> **Source material**:
________________

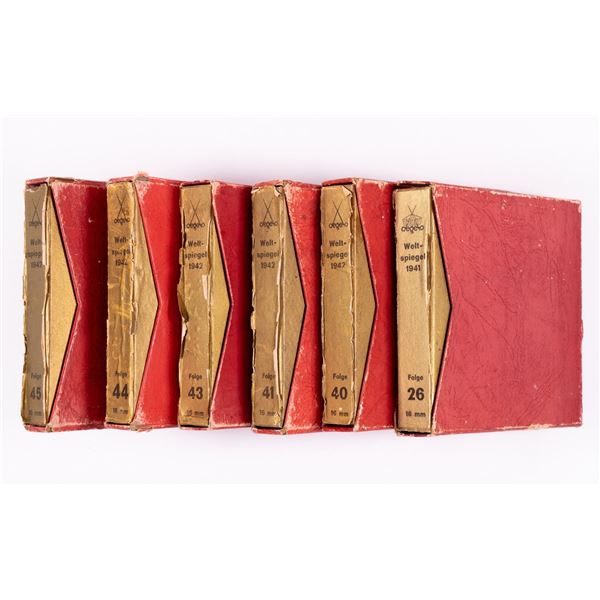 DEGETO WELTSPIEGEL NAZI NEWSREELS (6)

________________

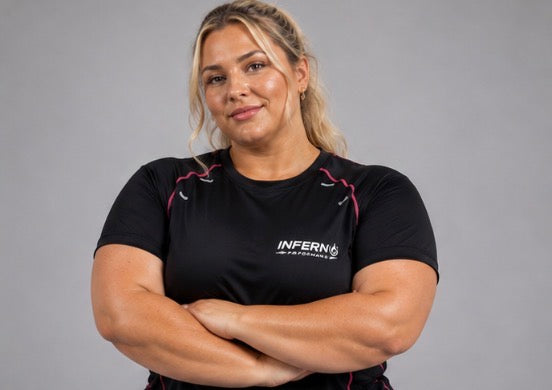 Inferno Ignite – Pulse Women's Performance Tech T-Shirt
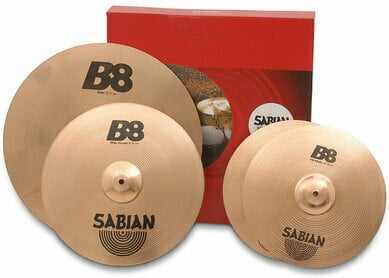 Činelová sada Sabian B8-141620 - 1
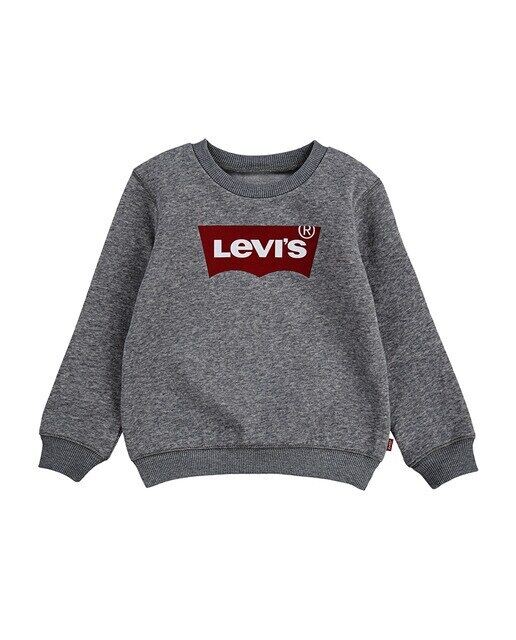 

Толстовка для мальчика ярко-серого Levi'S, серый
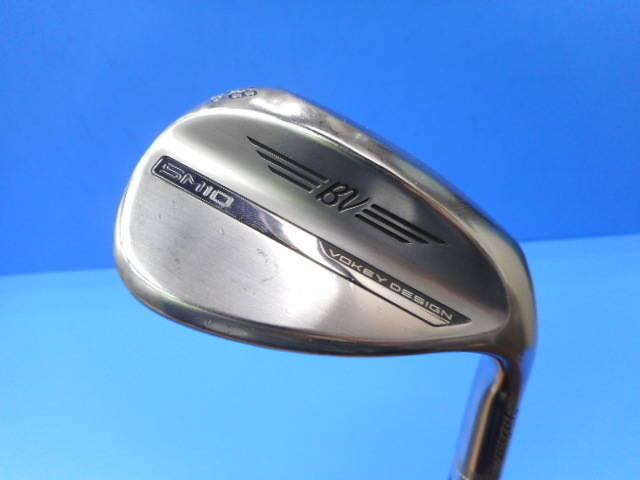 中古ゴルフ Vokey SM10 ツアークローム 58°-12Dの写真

________________

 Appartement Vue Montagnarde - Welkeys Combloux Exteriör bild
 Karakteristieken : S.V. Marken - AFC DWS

________________

> **What the exercise asks**: Would you restate, exactly and with no pictures, the lines of the entries above from the one containing "Толстовка для мальчика" through the one containing "中古ゴルフ Vokey SM10 ツアークローム 58°-12Dの写真"?

> **Reply to the task**:
Толстовка для мальчика ярко-серого Levi'S, серый
 中古ゴルフ Vokey SM10 ツアークローム 58°-12Dの写真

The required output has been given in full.